## Task details
Give back every line of the data exactly. Pictures are not part of the copy.

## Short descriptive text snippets
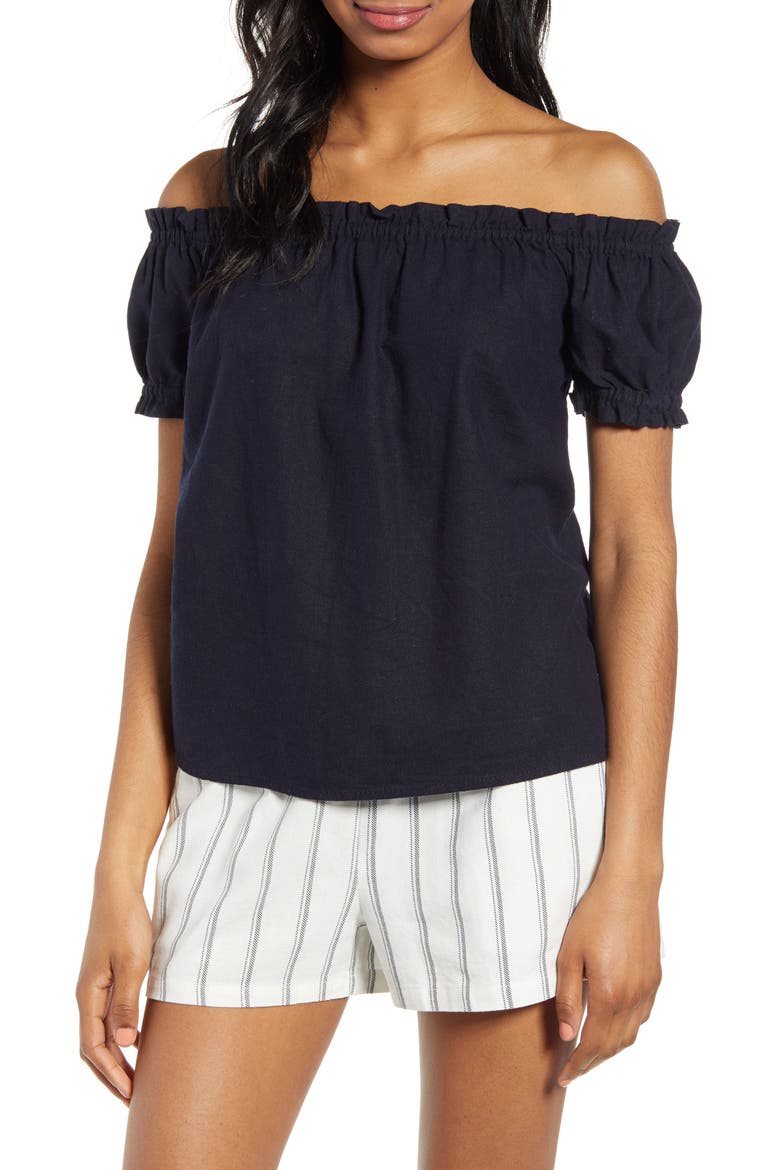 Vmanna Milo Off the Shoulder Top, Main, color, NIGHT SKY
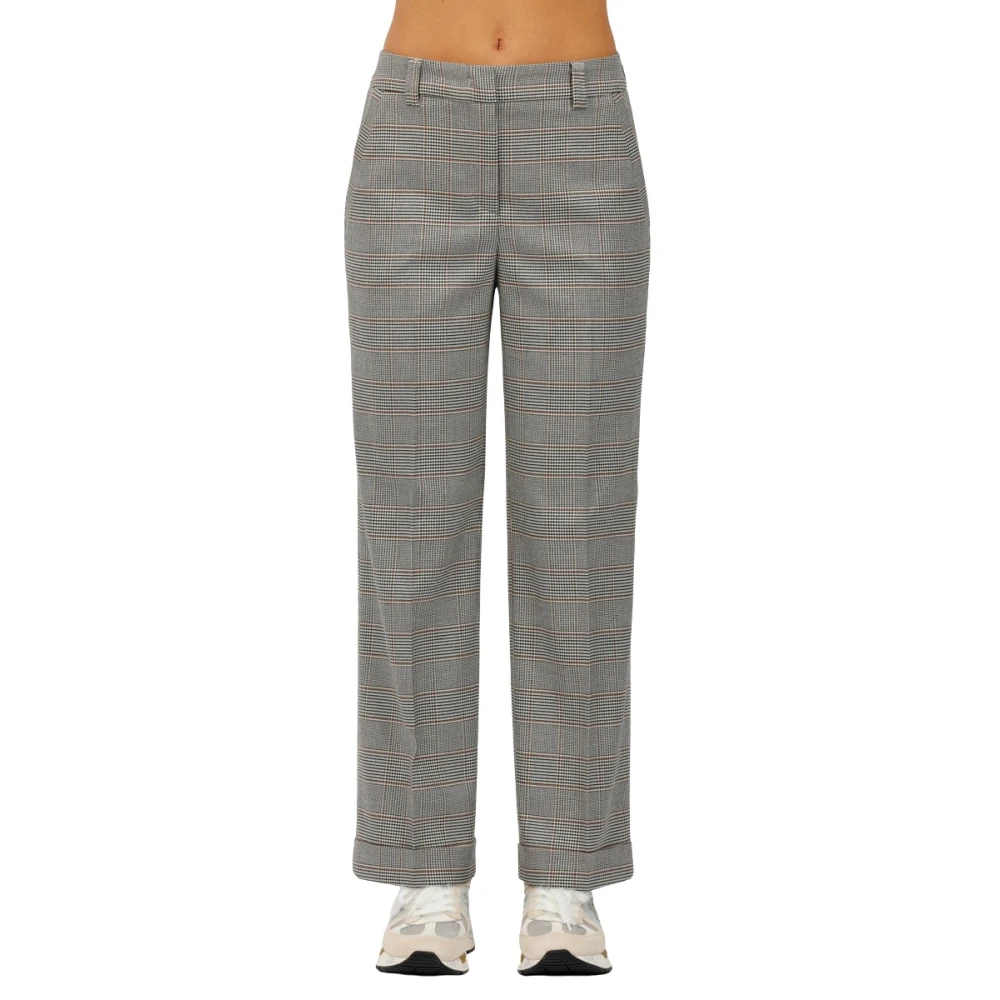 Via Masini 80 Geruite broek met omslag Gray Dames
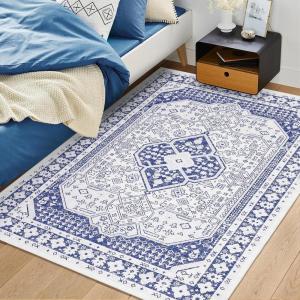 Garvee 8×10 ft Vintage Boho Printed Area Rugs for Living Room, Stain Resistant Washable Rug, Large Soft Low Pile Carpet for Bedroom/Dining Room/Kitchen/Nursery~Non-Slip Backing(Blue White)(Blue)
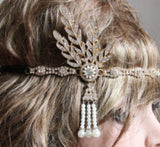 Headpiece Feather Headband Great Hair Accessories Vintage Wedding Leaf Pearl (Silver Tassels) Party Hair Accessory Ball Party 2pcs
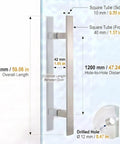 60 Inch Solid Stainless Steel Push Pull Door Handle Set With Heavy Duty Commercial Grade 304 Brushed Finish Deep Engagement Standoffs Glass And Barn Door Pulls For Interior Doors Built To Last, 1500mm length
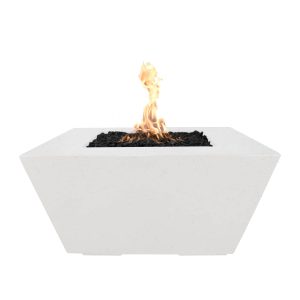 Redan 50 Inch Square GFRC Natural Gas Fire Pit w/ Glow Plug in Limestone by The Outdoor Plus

## Task solution
 Vmanna Milo Off the Shoulder Top, Main, color, NIGHT SKY
 Via Masini 80 Geruite broek met omslag Gray Dames
 Garvee 8×10 ft Vintage Boho Printed Area Rugs for Living Room, Stain Resistant Washable Rug, Large Soft Low Pile Carpet for Bedroom/Dining Room/Kitchen/Nursery~Non-Slip Backing(Blue White)(Blue)
 Headpiece Feather Headband Great Hair Accessories Vintage Wedding Leaf Pearl (Silver Tassels) Party Hair Accessory Ball Party 2pcs
 60 Inch Solid Stainless Steel Push Pull Door Handle Set With Heavy Duty Commercial Grade 304 Brushed Finish Deep Engagement Standoffs Glass And Barn Door Pulls For Interior Doors Built To Last, 1500mm length
 Redan 50 Inch Square GFRC Natural Gas Fire Pit w/ Glow Plug in Limestone by The Outdoor Plus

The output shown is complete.